## [PROBLEM REQUIREMENTS]
Look through the data below and show every line that includes "with".

---------- EXTRACTED ENTRIES

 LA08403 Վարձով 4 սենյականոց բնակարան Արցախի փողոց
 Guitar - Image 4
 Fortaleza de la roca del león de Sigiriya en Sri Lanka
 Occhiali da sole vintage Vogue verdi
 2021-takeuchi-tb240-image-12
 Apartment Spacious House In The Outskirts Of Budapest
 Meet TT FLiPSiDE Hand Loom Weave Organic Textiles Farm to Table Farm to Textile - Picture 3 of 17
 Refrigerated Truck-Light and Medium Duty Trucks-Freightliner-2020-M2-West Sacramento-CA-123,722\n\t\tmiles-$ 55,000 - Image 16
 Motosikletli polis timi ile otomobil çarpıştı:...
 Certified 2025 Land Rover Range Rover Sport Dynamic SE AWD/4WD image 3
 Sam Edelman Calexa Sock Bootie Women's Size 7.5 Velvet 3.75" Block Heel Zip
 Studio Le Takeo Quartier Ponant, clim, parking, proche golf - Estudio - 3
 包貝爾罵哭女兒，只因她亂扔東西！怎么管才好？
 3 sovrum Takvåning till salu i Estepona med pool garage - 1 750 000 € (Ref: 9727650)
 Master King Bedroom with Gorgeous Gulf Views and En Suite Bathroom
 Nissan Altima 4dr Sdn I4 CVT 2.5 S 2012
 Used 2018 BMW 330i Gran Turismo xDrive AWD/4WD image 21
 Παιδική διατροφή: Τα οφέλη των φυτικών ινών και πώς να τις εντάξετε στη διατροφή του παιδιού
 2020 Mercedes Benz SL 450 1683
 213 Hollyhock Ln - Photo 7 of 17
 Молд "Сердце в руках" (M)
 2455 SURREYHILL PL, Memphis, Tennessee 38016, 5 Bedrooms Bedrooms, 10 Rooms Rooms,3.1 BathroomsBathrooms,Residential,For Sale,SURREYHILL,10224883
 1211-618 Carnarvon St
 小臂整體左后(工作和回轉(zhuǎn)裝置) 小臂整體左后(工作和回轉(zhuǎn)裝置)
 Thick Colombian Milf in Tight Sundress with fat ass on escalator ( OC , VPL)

--------------------

## [THE ANSWER]
 Master King Bedroom with Gorgeous Gulf Views and En Suite Bathroom
 Thick Colombian Milf in Tight Sundress with fat ass on escalator ( OC , VPL)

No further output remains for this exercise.